If one of the benefits of Brexit is meant to be regulatory agility then the UK’s tech policy leaves a lot to be desired.
Three years after a respected report into how to overhaul Britain’s competition regime for the online economy recommended the creation of a powerful digital markets unit, the government’s dither and delay has already squandered an early advantage. Now further procrastination puts the whole policy at risk.
Legislation needed to empower the Digital Markets Unit (DMU), the new watchdog that sits in shadow form within the competition regulator, will reportedly not make it into the Queen’s Speech next week.
That condemns the DMU, which the government has seen fit to set up, fund and staff but not empower, to limp on in limbo for at least another year.
During that time it can do no more than the Competition and Markets Authority can do already. It can observe digital markets, but has limited power to reshape them. It cannot set up legally enforceable codes of conduct to block big tech abuses before they happen or fine those that fail to comply. It will have to wait for someone to do something wrong, then go through the rigmarole of a full enforcement case. Instead of being forward-looking, the UK’s policy towards big tech will remain a hodgepodge of tools designed for the old economy.
The government had always said it would legislate for the DMU when parliamentary time allowed. Yet it is hard to believe that if it cannot find time to legislate this year it will manage to do so next, as an election looms. The CMA has a reputation for being able to attract good people. How many at the new tech unit will hang on indefinitely at an organisation ministers do not appear to prioritise?
Even if this does not signal the death of the DMU, but merely its delay, the government’s legislative inaction still matters.
The UK had a shot at shaping the global approach to tech regulation. Yes, the UK is a small market in global terms. But the CMA is a well-respected regulator among its world peers and is influential internationally. If the UK had pressed ahead with the reforms proposed, other countries might have followed its lead.
But in less time than the UK has been talking about setting up its new tech regulator, the EU has come up with not one but two landmark pieces of legislation to rein in Big Tech. Those will set the direction for the sector’s obligations and relations with governments. And if the UK fails to implement its own overhaul, the chances are that it will end up increasingly reliant on EU rules in which it did not have a say to alter the anti-competitive behaviour of the global online elite.

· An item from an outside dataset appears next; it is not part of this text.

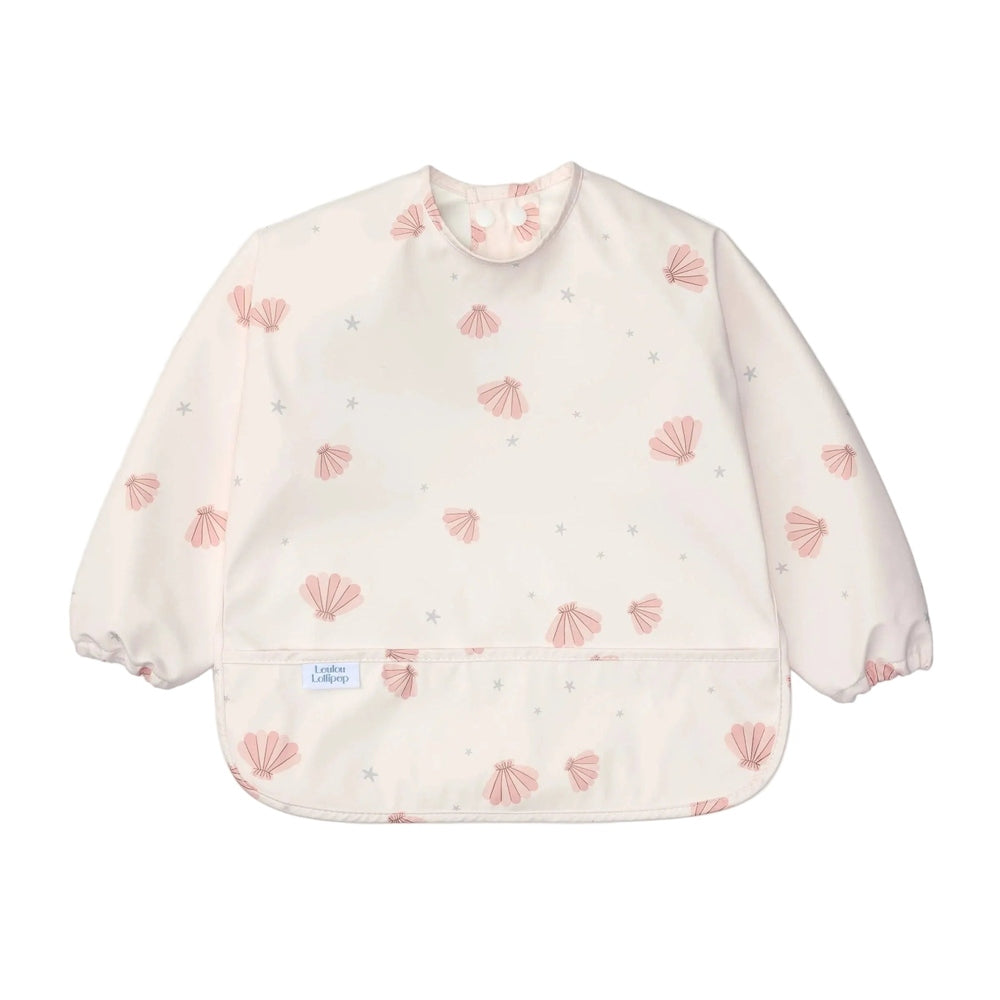 Loulou Lollipop Long Sleeve Bib Seashells Bib in Cream with Pink Seashells and Gray Stars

The continuing failure to legislate also risks the more aggressive — and uncertain — use by UK regulators of the tools that they do have. That means more ad hoc enforcement by the CMA, extended reviews for Big Tech takeovers, and more deals called in and blocked even when the connection to the UK is tenuous, as with Facebook’s attempted acquisition of online sticker library Giphy.

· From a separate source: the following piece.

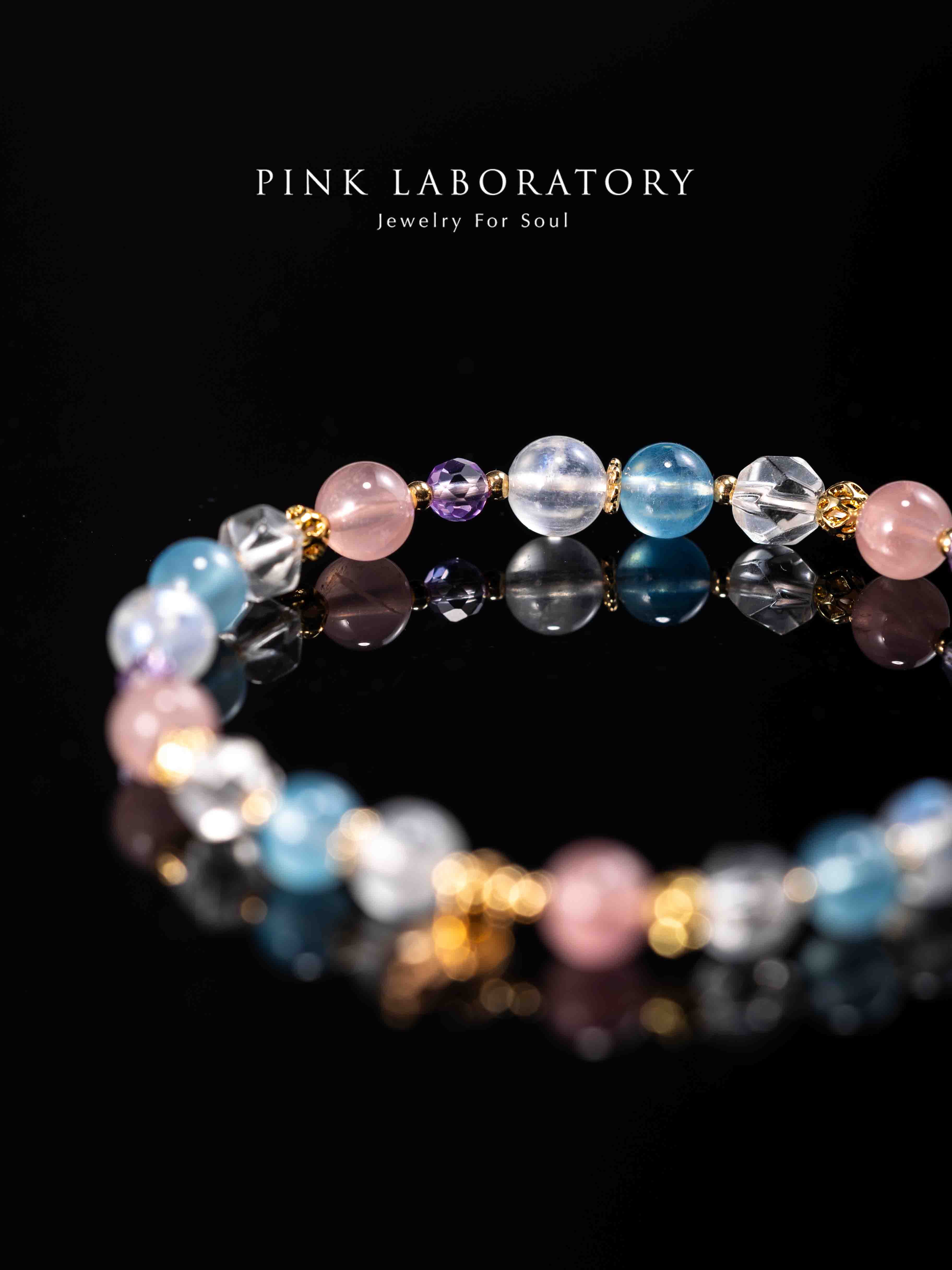 月光石粉水晶海藍寶手鍊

It should also be cause for broader concern about a wrong-headed approach to regulation. If the reluctance to legislate is, as one official suggested, because “Conservative governments don’t legislate their way to prosperity and growth”, that indicates a fundamental misunderstanding of how the digital economy works and what the revamp of UK competition law proposed by economist and former Obama adviser Jason Furman would have done.
As Diane Coyle, part of the panel behind the Furman report, puts it, “the whole philosophy of the Furman report was to make the market work better”. It was meant to lead to a less interventionist approach by spelling out the rules of the game upfront and reducing the structural barriers built by Big Tech that then prevent smaller operators from innovating.
By not legislating, the government may end up with a more intrusive antitrust regime, ill-suited to the digital economy. It will not mean less red tape or an environment in which companies can innovate unconstrained. The UK is no longer a leader on Big Tech regulation. It teeters on the brink of becoming a laggard.